Comprendre le cycle de vie des moustiques
Connaître le cycle de vie permet d’agir efficacement : les moustiques pondent dans l’eau stagnante (même de petites quantités). Les œufs éclosent en quelques jours, puis les larves et les nymphes évoluent en eau avant que les adultes n’émergent. En éliminant les lieux de ponte on rompt le cycle. Les adultes cherchent ensuite des abris pour se reposer et se protéger de la chaleur et des prédateurs ; des lierres denses peuvent alors leur servir d’abris temporaires.
L’intérêt écologique du lierre
Avant d’opter pour un arrachage, rappelez‑vous que le lierre a des bénéfices : il offre de l’ombre, protège les murs, limite l’érosion et fournit un habitat et du nectar pour des insectes utiles (abeilles tardives, papillons, coccinelles). Il favorise aussi l’accueil d’oiseaux qui peuvent participer au contrôle des insectes. Supprimer massivement le lierre peut réduire la biodiversité locale et provoquer d’autres problèmes, il faut donc peser le pour et le contre.
Mesures simples pour limiter les moustiques sans enlever le lierre
- Inspecter immédiatement les zones au pied du lierre et éliminer toute eau stagnante (soucoupes, vieux pots, jouets, bouchons, laitues de gouttière).
- Améliorer le drainage : ajouter du gravier, décompacter le sol, créer un léger talus ou planter des végétaux qui absorbent l’eau.
- Tailler régulièrement le lierre pour aérer, ouvrir des passages d’air et laisser pénétrer davantage de soleil.
- Nettoyer les feuilles mortes et les débris végétaux qui retiennent l’humidité et peuvent former des mini‑mares.
- Vérifier les descentes de gouttière et collerettes d’évacuation pour éviter les fuites au ras du mur.
Plantes et aménagements complémentaires
Certaines plantes aromatiques comme la lavande, la citronnelle, la mélisse ou la népéta offrent une protection partielle et peuvent rendre les zones de séjour moins accueillantes pour les moustiques.
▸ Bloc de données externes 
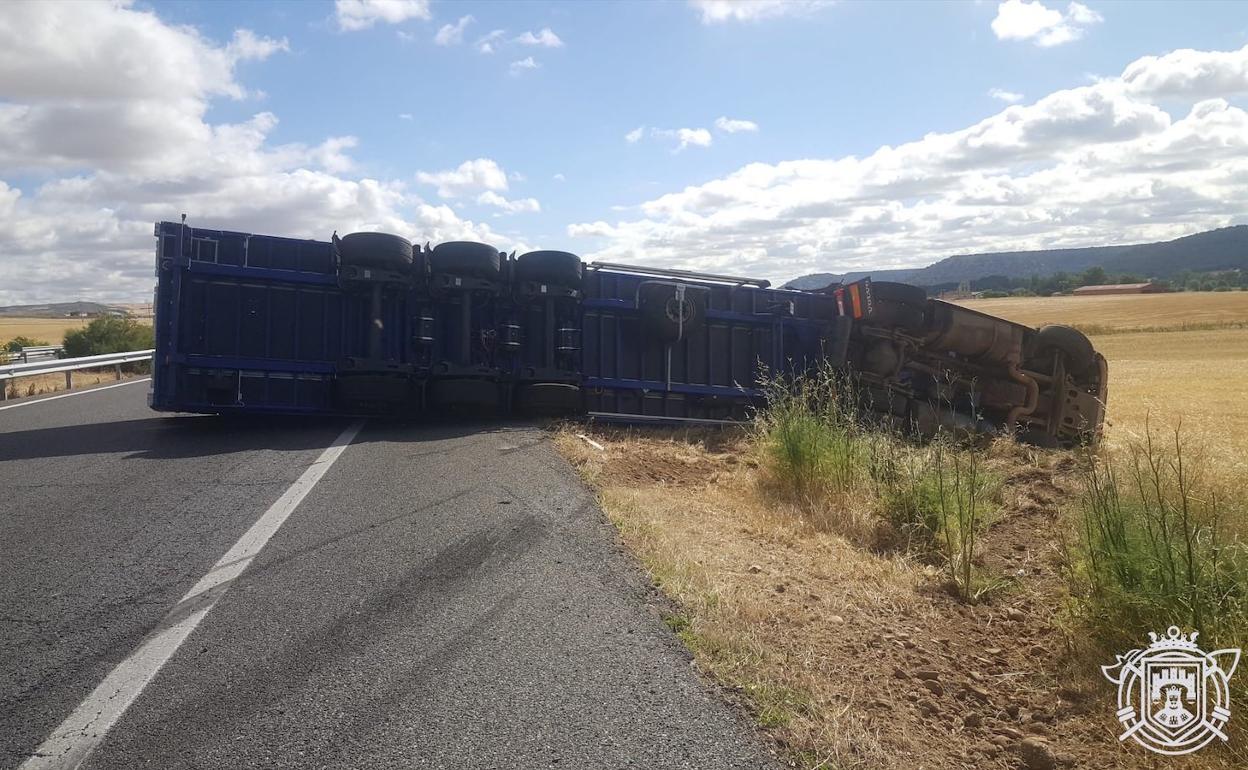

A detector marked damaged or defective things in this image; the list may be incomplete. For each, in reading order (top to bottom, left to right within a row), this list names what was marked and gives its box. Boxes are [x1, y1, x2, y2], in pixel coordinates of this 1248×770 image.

overturned truck [151, 219, 1108, 446]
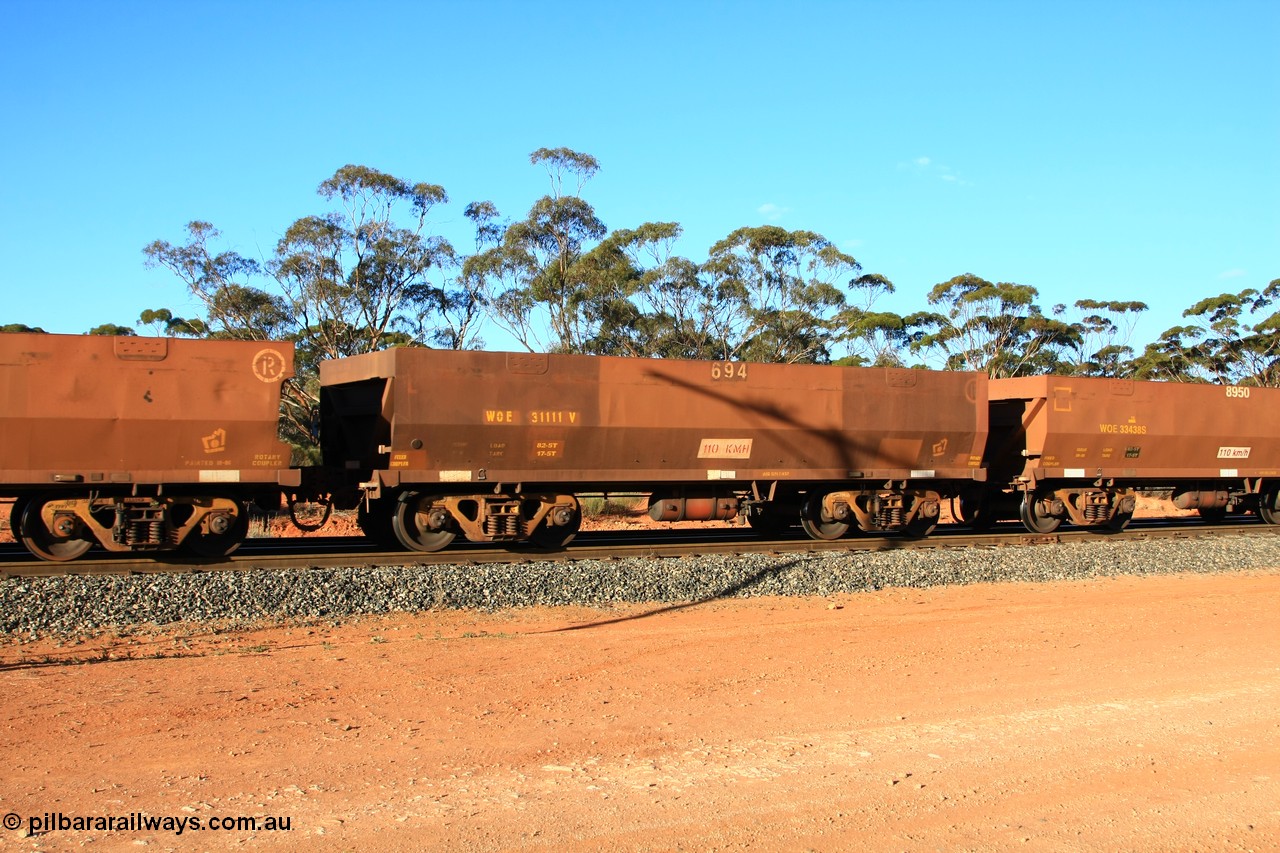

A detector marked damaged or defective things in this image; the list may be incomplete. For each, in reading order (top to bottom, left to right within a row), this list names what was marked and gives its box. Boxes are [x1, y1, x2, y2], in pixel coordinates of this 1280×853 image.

rusty wagon body [0, 330, 296, 558]
rusty wagon body [320, 348, 988, 548]
rusty wagon body [972, 373, 1280, 527]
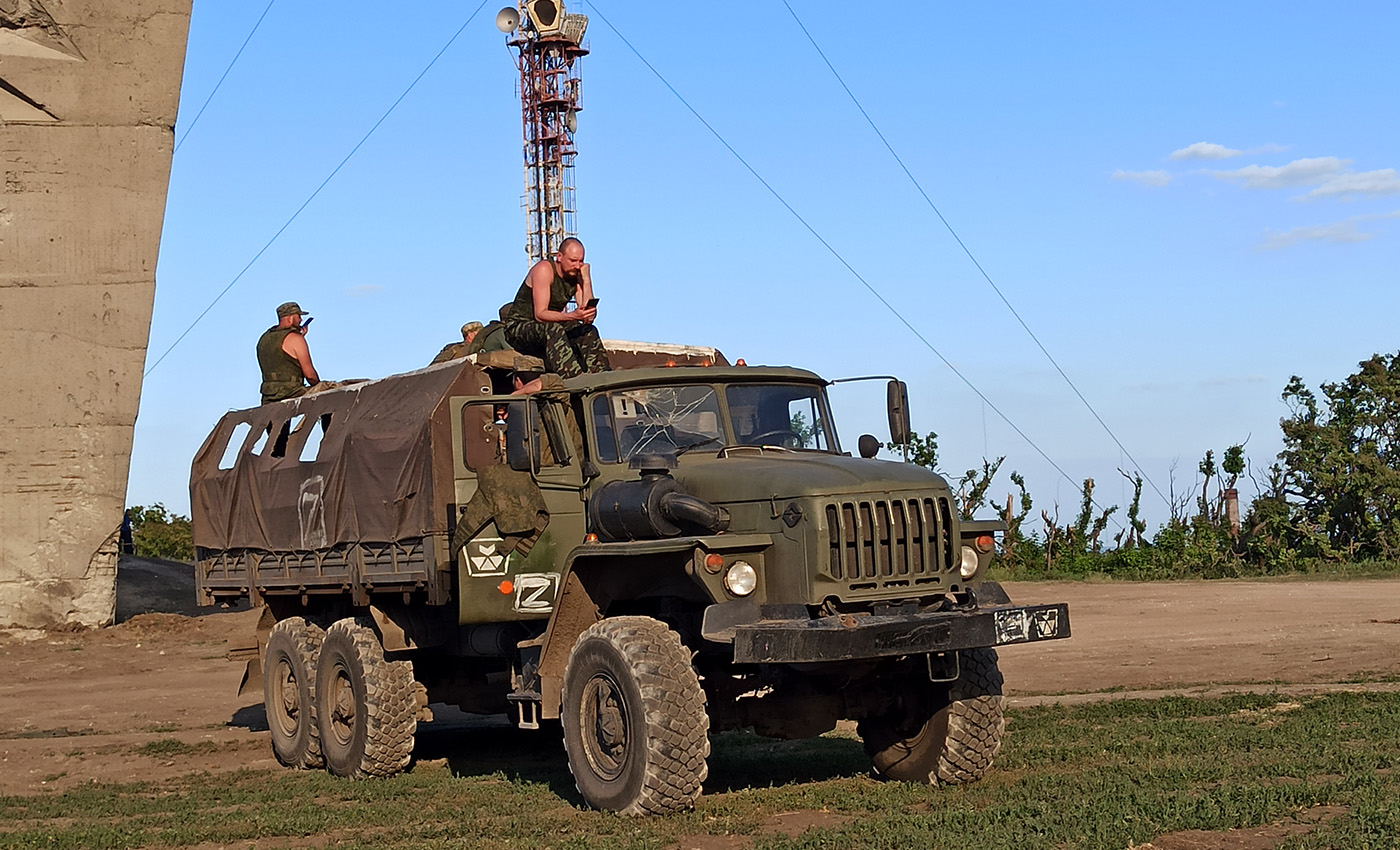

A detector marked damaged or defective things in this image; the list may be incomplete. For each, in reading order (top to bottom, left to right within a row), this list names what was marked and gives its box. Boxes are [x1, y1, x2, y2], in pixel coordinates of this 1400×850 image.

cracked windshield [596, 384, 836, 464]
Elles ne suppriment pas la population mais agissent comme répulsifs locaux. Songer aussi à remplacer ponctuellement des bandes de lierre par une haie plus aérée ou des massifs de vivaces qui favorisent l’évaporation et ne retiennent pas l’eau.
Solutions techniques et produits
Pour des infestations persistantes, on peut utiliser des solutions non‑chimiques comme des pièges à larves biologiques (Bacillus thuringiensis israelensis) dans les points d’eau non évitables, ou des poules qui consomment des larves dans de petites mares. Les insecticides doivent rester un dernier recours et être employés par des professionnels pour limiter l’impact environnemental.
Protocole simple de quatre semaines pour tester l’effet des mesures
- Semaine 1 : inventaire et nettoyage — repérer et enlever sources d’eau stagnante, nettoyer le pied du lierre et les débris.
- Semaine 2 : drainage et petit aménagement — poser du gravier, installer des plantes drainantes, corriger la pente si besoin.
- Semaine 3 : taille légère du lierre pour aérer la masse végétale, éclaircir et supprimer les branches mortes.
- Semaine 4 : observation et ajustement — noter la présence de moustiques, vérifier si des points d’eau réapparaissent et répéter les opérations ciblées.
Quand faire appel à un professionnel
Si malgré ces mesures la nuisance reste importante, ou si vous découvrez une source d’eau cachée difficile d’accès (cavité, drains obstrués), un spécialiste en gestion des eaux pluviales ou un service de lutte antivectorielle pourra identifier la source et proposer des solutions ciblées sans nuire inutilement à la végétation.
En conclusion, le lierre n’est pas en lui‑même un attractif majeur pour les moustiques, mais il peut faciliter des conditions favorables si l’eau s’accumule près de sa base. Plutôt que d’arracher systématiquement la plante, privilégiez l’assainissement des lieux, l’amélioration du drainage, la taille et le nettoyage régulier. Vous conservez ainsi les avantages écologiques du lierre tout en réduisant le risque de prolifération des moustiques.